Sensex, Nifty surge as markets cheer Economic Survey ahead of Budget


Mumbai, Jan 31 (IANS) The Indian stock market on Friday continued its rise for the fourth straight day as Finance Minister Nirmala Sitharaman presented the Economic Survey 2024-25 in Parliament ahead of the Union Budget 2025-26.

The Economic Survey pegs India’s GDP growth at 6.3-6.8 per cent for 2025-26.

The BSE Sensex touched an intra-day high of 77,549.92 before closing at 77,500.57 by gaining 740.76 points or 0.97 per cent. The NSE Nifty ended 258.90 points, or 1.11 per cent, higher at 23,508.40. The index moved between 23,530.70 and 23,277.40 during the day.

The week concludes on a mixed note — heavy selling at the start, a brief recovery, and now a wait-and-watch approach ahead of the budget, market experts said.

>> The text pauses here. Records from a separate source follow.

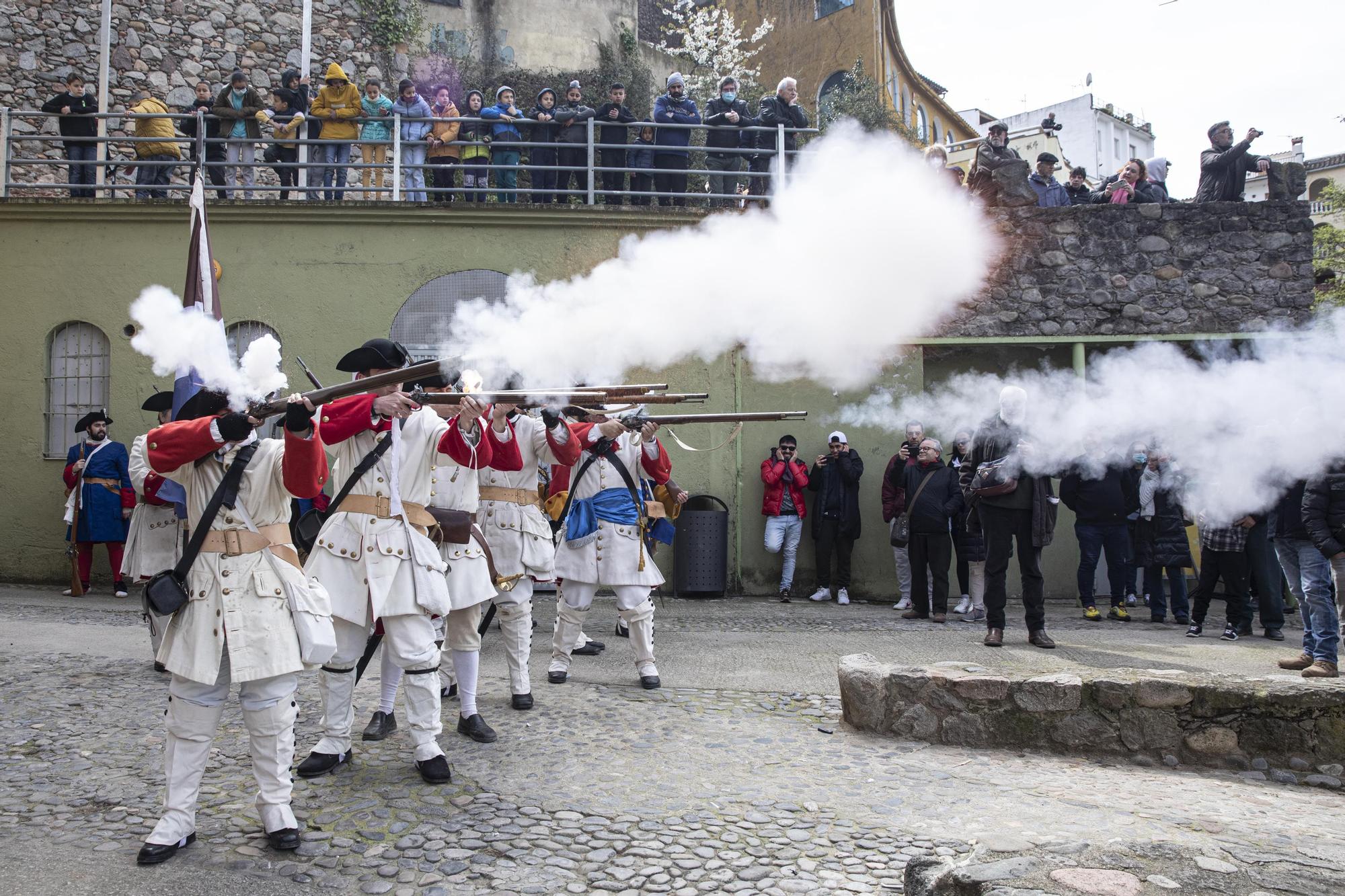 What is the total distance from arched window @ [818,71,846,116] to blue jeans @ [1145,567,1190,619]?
15.4m

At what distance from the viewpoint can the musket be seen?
14.4ft

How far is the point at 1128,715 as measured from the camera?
596 cm

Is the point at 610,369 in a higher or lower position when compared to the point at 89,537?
higher

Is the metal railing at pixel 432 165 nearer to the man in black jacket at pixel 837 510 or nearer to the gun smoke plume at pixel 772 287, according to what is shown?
the gun smoke plume at pixel 772 287

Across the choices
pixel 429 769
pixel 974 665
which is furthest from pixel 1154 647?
pixel 429 769

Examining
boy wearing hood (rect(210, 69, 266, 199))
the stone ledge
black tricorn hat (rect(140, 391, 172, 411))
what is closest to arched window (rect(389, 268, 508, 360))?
boy wearing hood (rect(210, 69, 266, 199))

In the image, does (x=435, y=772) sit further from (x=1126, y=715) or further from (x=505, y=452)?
(x=1126, y=715)

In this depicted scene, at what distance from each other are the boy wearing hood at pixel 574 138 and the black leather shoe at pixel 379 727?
7.96m

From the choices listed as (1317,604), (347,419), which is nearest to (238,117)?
(347,419)

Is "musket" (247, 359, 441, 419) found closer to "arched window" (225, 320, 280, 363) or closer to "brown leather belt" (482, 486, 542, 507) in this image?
"brown leather belt" (482, 486, 542, 507)

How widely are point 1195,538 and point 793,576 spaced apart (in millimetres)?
5158

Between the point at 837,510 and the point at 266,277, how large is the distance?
7.34 metres

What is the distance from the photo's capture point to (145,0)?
64.8 feet

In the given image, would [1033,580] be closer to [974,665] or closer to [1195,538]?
[974,665] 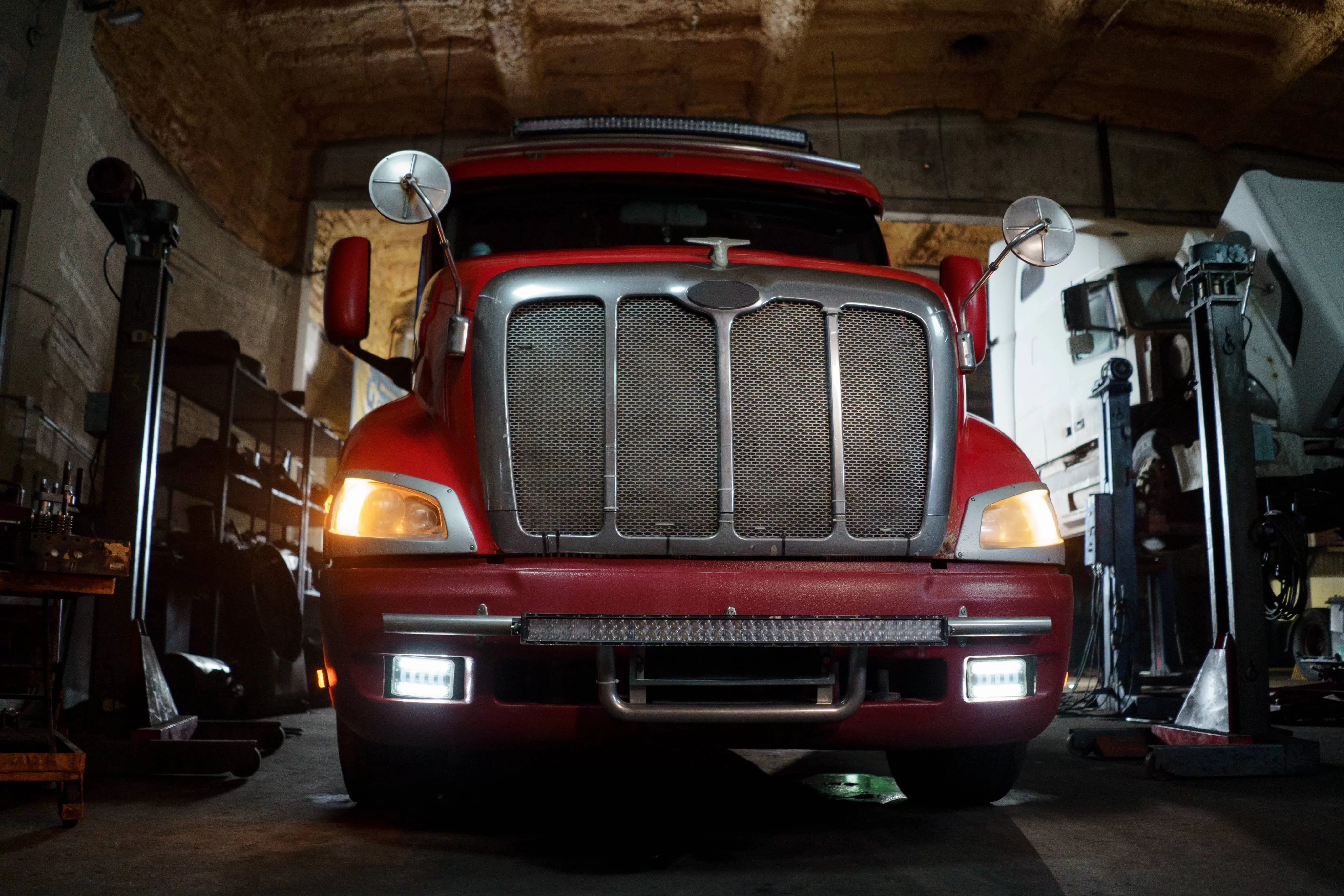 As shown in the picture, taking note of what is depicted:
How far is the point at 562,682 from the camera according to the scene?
2576mm

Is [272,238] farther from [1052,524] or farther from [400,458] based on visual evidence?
[1052,524]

Only four stocks on the 30-share BSE Sensex traded lower — ITC Hotels which was down by 4.24 per cent, Bharti Airtel, ICICI Bank, and TCS.

Meanwhile, the top gainers on Sensex were Adani Ports & SEZ, Titan, Mahindra & Mahindra, IndusInd Bank and others.

On Nifty, 45 out of 50 stocks ended in the green, and the biggest gainers were Trent, BEL, Tata Consumer Products, Titan and more.

However, the top losers include Bharti Airtel, ITC Hotels, Kotak Mahindra Bank, and others.

Consumer durables was the top-performing sector rising 2.09 per cent, followed by auto, realty, oil, and FMCG indices which were up over 1 per cent each.

However, IT, Metal, and Media stocks were also trading higher and the Nifty Bank index was flat.

In the broader market, the BSE Midcap was up 1.14 per cent, while the BSE Smallcap gained 1.24 per cent.

On the NSE, 1,933 stocks advanced, while 636 stocks declined during the trading session. Additionally, 18 stocks hit their 52-week highs, while 46 stocks touched 52-week lows.

The Economic Survey 2024-25 pegs India’s GDP growth at 6.3-6.8 per cent for 2025-26.

According to the survey, the Modi 3.0 govt will continue its emphasis on micro, small, and medium enterprises (MSMEs) and good rabi crop production to accelerate growth and employment in the economy.